── Data for this task ──
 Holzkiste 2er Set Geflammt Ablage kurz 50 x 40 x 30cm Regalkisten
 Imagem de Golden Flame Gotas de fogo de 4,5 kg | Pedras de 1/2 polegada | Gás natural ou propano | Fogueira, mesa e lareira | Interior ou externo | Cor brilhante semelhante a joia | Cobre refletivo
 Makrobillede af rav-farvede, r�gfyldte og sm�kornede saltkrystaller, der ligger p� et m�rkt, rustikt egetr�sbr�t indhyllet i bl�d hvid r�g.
───
── Data for this task ──
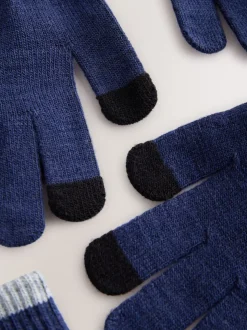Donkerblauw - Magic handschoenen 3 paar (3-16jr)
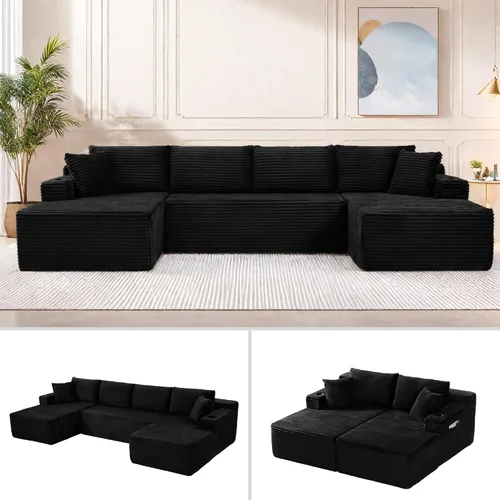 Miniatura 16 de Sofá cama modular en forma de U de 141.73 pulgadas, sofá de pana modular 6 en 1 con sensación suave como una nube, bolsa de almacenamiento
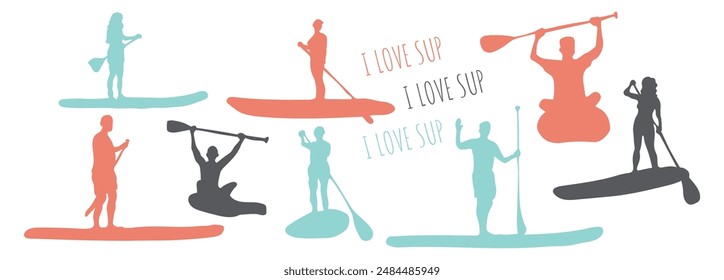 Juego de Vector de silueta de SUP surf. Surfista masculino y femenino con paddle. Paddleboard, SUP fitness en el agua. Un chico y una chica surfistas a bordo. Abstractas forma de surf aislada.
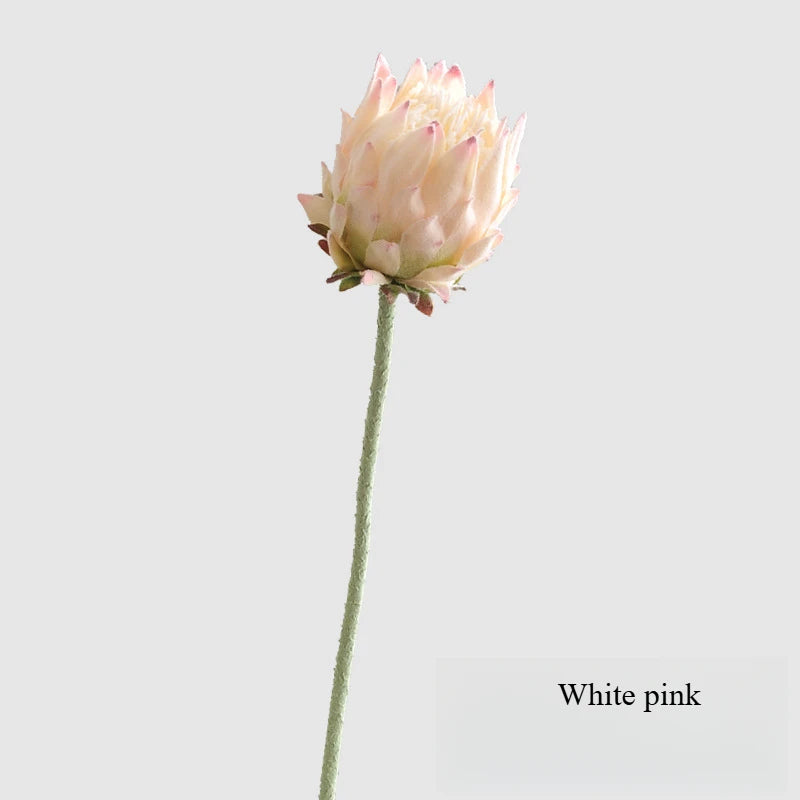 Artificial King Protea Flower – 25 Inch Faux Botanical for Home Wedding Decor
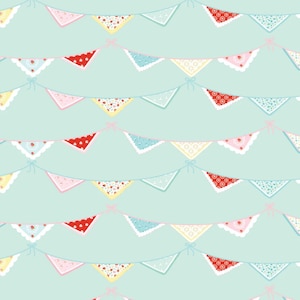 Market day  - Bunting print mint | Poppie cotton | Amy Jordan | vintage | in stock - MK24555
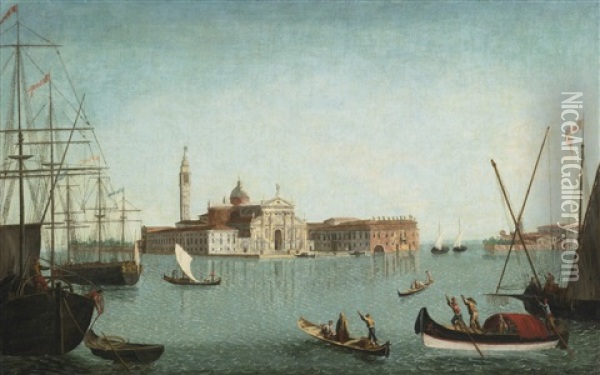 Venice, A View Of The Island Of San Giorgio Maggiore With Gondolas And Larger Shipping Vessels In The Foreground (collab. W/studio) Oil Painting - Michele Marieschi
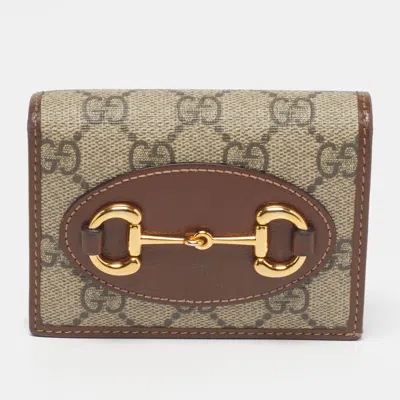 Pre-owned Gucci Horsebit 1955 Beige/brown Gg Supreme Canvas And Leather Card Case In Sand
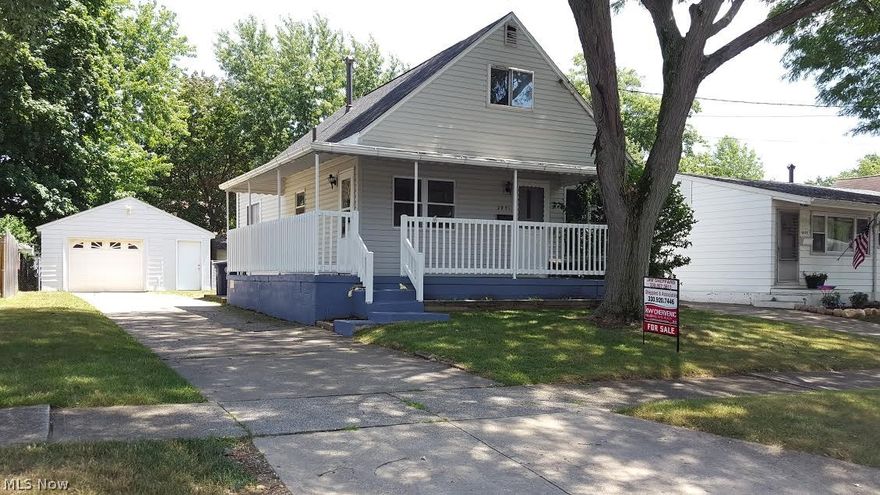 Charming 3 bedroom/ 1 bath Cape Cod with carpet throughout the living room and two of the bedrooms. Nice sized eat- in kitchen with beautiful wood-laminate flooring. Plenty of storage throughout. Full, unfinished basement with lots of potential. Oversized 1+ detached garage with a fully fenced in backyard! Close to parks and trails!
───
── Data for this task ──
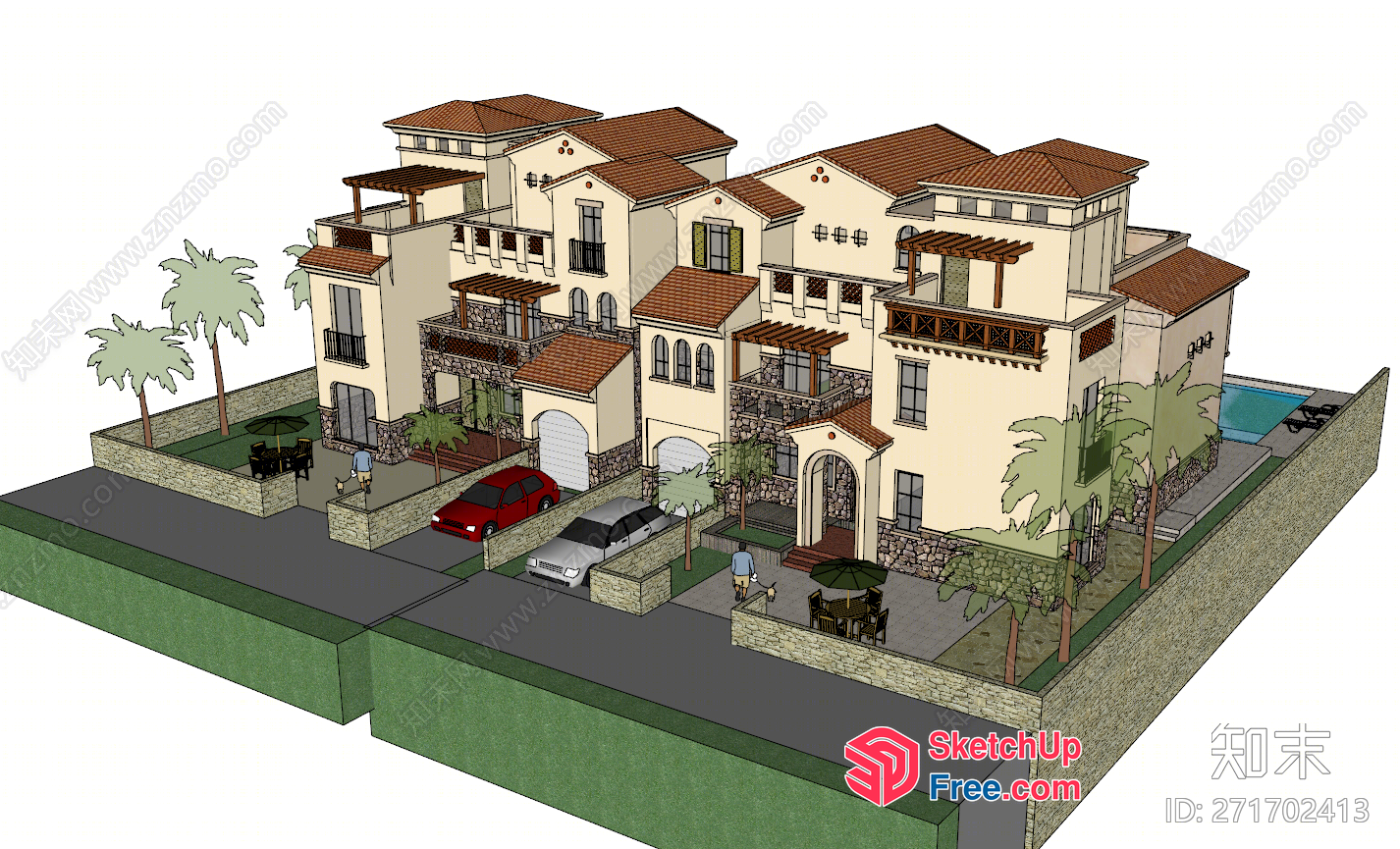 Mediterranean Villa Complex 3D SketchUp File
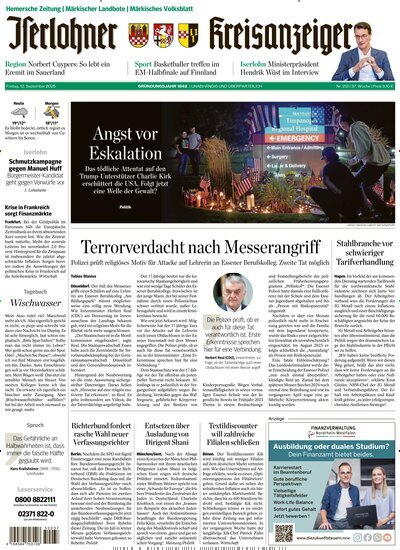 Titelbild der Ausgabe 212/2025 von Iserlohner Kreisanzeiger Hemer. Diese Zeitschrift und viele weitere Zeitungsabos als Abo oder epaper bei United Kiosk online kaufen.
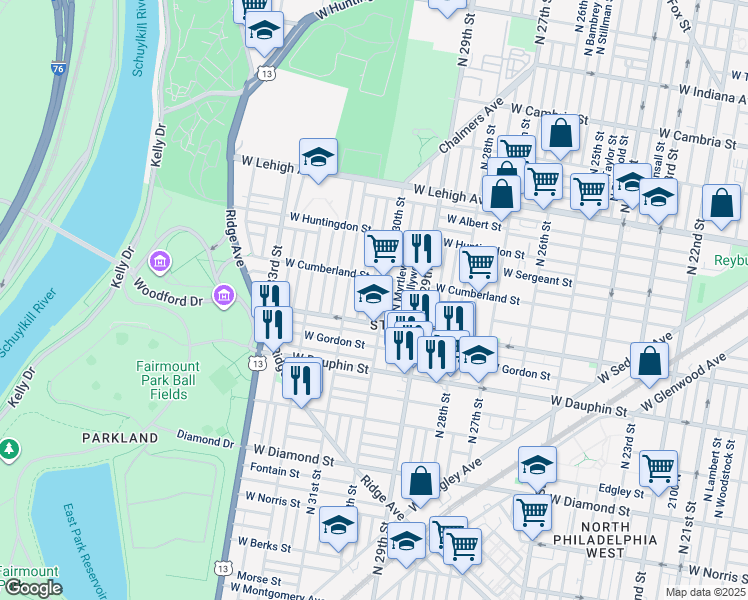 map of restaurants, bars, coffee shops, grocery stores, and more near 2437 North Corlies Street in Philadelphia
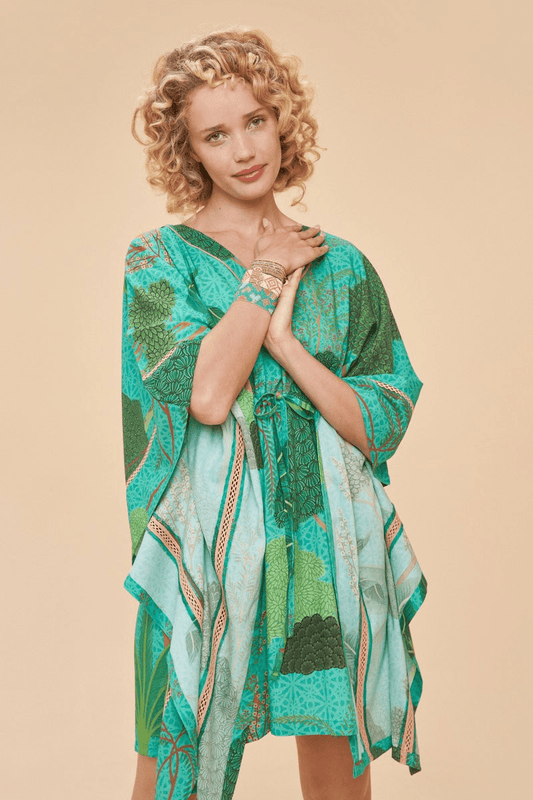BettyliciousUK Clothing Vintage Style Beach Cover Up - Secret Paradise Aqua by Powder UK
───
The lines above, starting at the one with "Imagem de Golden" and ending at the one with "Makrobillede af rav-farvede, r�gfyldte", are the only ones to return, exactly as written.

 Imagem de Golden Flame Gotas de fogo de 4,5 kg | Pedras de 1/2 polegada | Gás natural ou propano | Fogueira, mesa e lareira | Interior ou externo | Cor brilhante semelhante a joia | Cobre refletivo
 Makrobillede af rav-farvede, r�gfyldte og sm�kornede saltkrystaller, der ligger p� et m�rkt, rustikt egetr�sbr�t indhyllet i bl�d hvid r�g.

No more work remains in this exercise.